• Zif (unregistered) in reply to bs
    bs:
    Assuming Timmy was generating these by hand at the pace of one per second (highly optimistic!) it would take at least 27 days.

    Something about this story doesnt add up.

    ...Your math is broken sir. At 1 per second this many images would take about 194 days. Although I think we're pretty certain if this is a real story, the images were generated programatically as mentioned by the many other comments.

  • Arne (unregistered) in reply to Next task please

    I don't think your solution is working very well: http://s3.imgimg.de/uploads/xa3f2ebc1png.png

  • (cs) in reply to Not a dev
    Not a dev:
    On an unrelated note, can someone generate a bmp with all 16M colors? I just, you know, wanna see what it looks like.
    I'm feeling generous.
    $ cat palette.sh 
    #!/bin/bash
    echo P3 4096 4096 255
    for ((x=0; x-4096; x++))
    do
    	for ((y=0; y-4096; y++))
    	do
    		echo $((x%256)) $((y%256)) $(( (x/256)*16 + (y/256) ))
    	done
    done
    
    $ time ./palette.sh >palette.ppm
    
    real	9m21.633s
    user	7m50.290s
    sys	1m31.120s
    $ time convert palette.ppm palette.png
    
    real	0m6.421s
    user	0m6.300s
    sys	0m0.120s
    

    http://www.cheddarmonk.org/palette.png

  • nasch (unregistered)

    Wow pjt, that looks really weird. The image kind of swims.

  • Josiah C (unregistered)

    Great story, but it sounds potentially ... untrue.

    There are a little over 600,000 seconds in 7 days. Either he was able to manually create 28 jpegs/second by hand every second for a full week... or he wrote a script to generate the jpegs. The former is effectively impossible, the latter shouldn't take a week: http://www.imagemagick.org/Usage/draw/#circles .

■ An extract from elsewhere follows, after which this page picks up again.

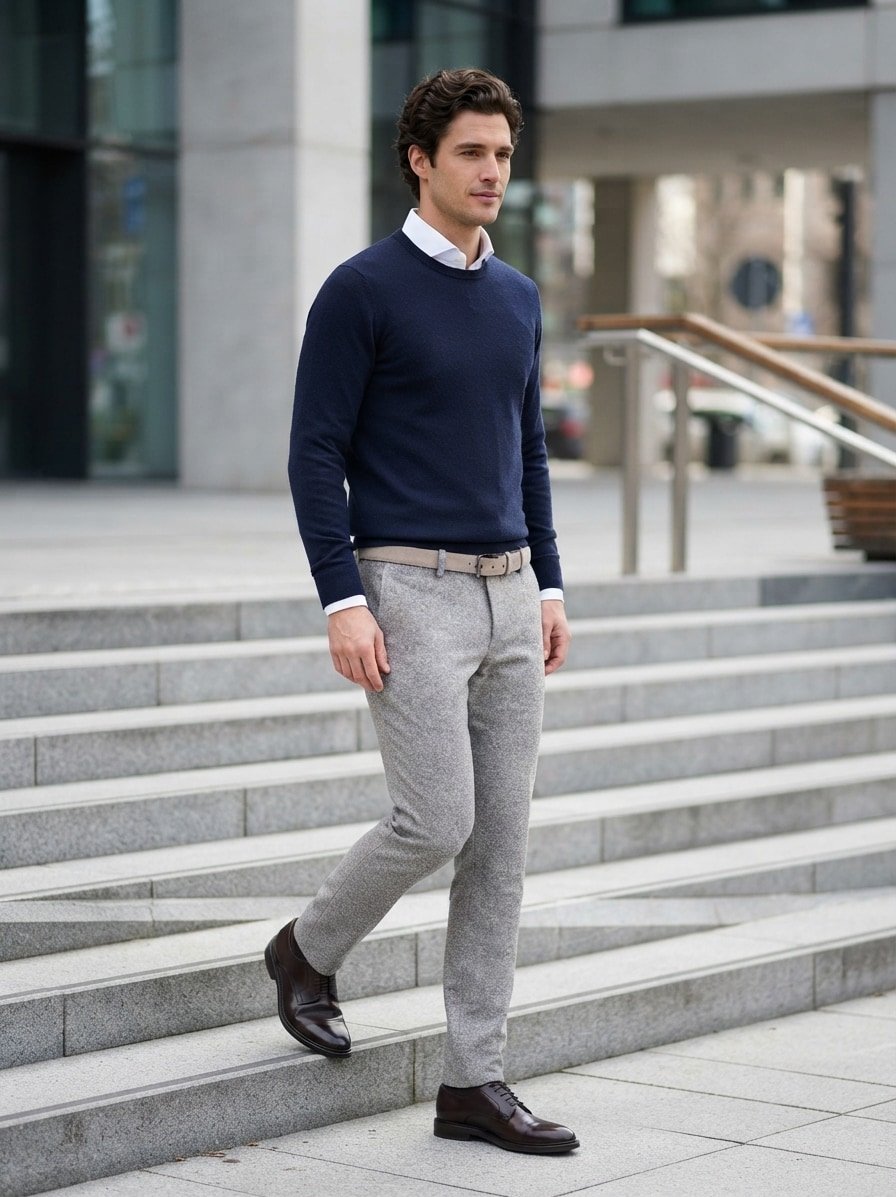Donegal, Regular Fit, Modell Lou, Wolle-Seide, grau meliert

    Or am I missing something?

  • (cs) in reply to pjt33
    pjt33:
    Not a dev:
    On an unrelated note, can someone generate a bmp with all 16M colors? I just, you know, wanna see what it looks like.
    I'm feeling generous.

    [snip]

    The libpng guys were way ahead of you.

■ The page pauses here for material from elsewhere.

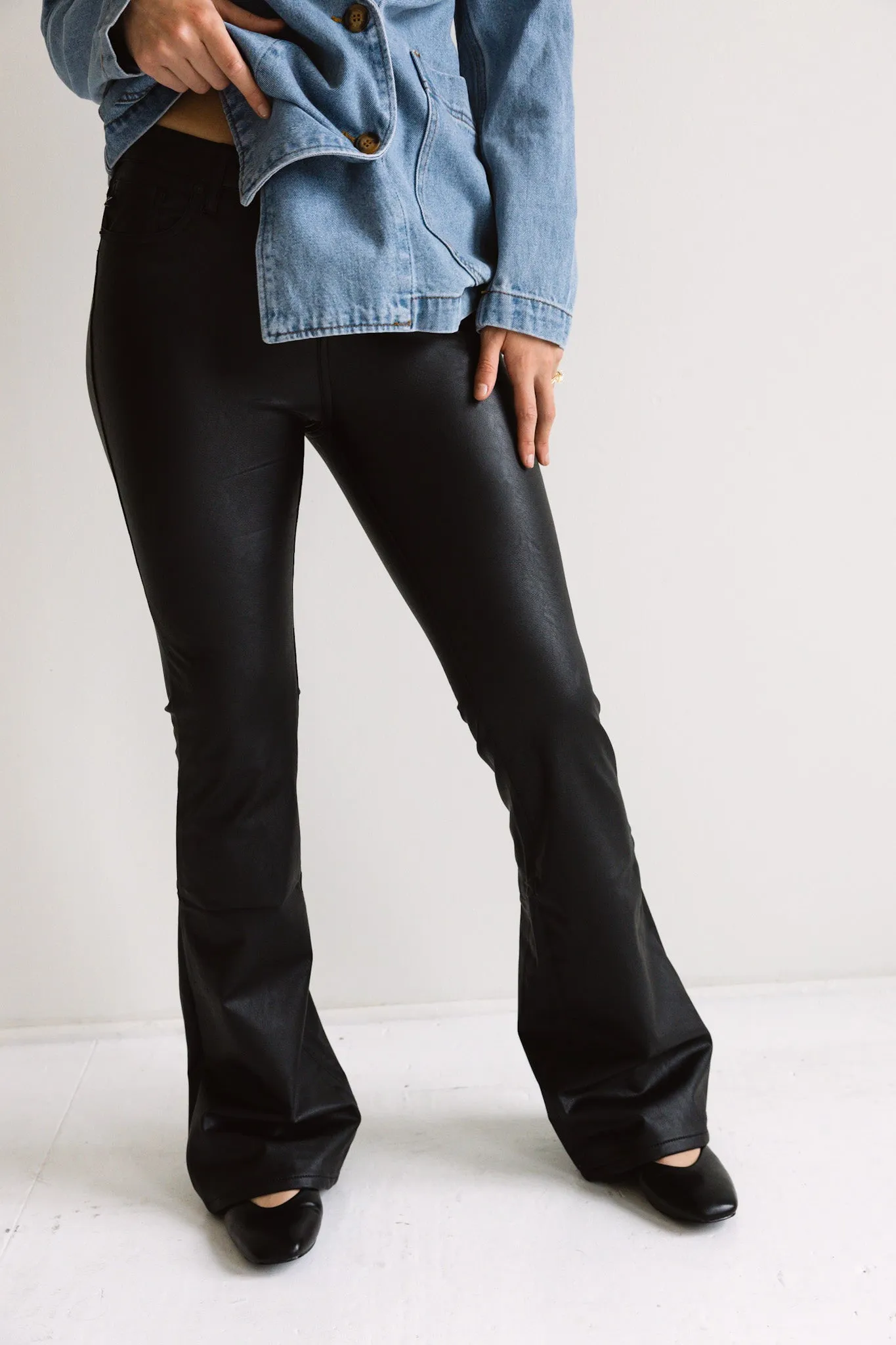 Mid-Rise Flared Faux Leather Pants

    (Also, Akismet spam filter is TRWTF.)

  • Pat (unregistered)

    So how was he meant to have generated these images? If it was by hand then, assuming he performed only this task, he would have had to continuously create 28 images per second to have 16 million by the end of the week. On the other hand, if he was using an automated system why did he need to baby sit it all weekend? I suppose some kind of hybrid between the two is possible, or maybe writing the code to automate it took him a long time...

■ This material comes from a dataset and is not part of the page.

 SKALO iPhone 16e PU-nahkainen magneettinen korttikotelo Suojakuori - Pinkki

  • weronika (unregistered)

    adf.ly/183291/weronika

  • Almafuerte (unregistered) in reply to dgvid

    Or, considering we are in 2011, he could have used border-radius. I know, it doesn't work in IE, but IE users aren't human, so we don't care.

  • (cs) in reply to Meneth
    Meneth:
    Wouldn't work; the image would be too big to either be generated, transferred or loaded.

    What amazes me is how Dropbox actually managed to display a directory with 16 million files inside. My computer starts chugging with only a few thousand files per directory.

    Dropbox likely doesn't map your directories into physical directories on a real file system. What you see in their UI are just entries in a database. The files themselves are stored on a filesystem, sure, but I bet they're numerically named (not necessarily in base 10 nor 16) and kept in directories having an upper bound on the number of files. That's what the web cache squid does, for example, and I've seen it in a few other places, too.

  • Nick (unregistered)

    Is TRWTF that he used JPGs for a single colour image instead of PNGs?

  • abdullah (unregistered)

    to add my 2c to the time frame matter, i'm sure most of the time was spent discovering and overcoming limits in the filesystem / FTP / hard disk / network. having millions of files is not normal

  • (cs) in reply to DaveK
    DaveK:
    Mathy:
    604800 seconds in a week. 16,777,216 JPGs.

    0.036 seconds each.

    That's pretty impressive. The made up ones really annoy me.

    Perhaps you and the other cynics should read the HTML comments in the story. Your objection has been anticipated.
    So now I have to read the article in unformatted HTML, either that or read it once, then once again scanning for comments?
  • (cs) in reply to amischiefr
    amischiefr:
    DaveK:
    Mathy:
    604800 seconds in a week. 16,777,216 JPGs.

    0.036 seconds each.

    That's pretty impressive. The made up ones really annoy me.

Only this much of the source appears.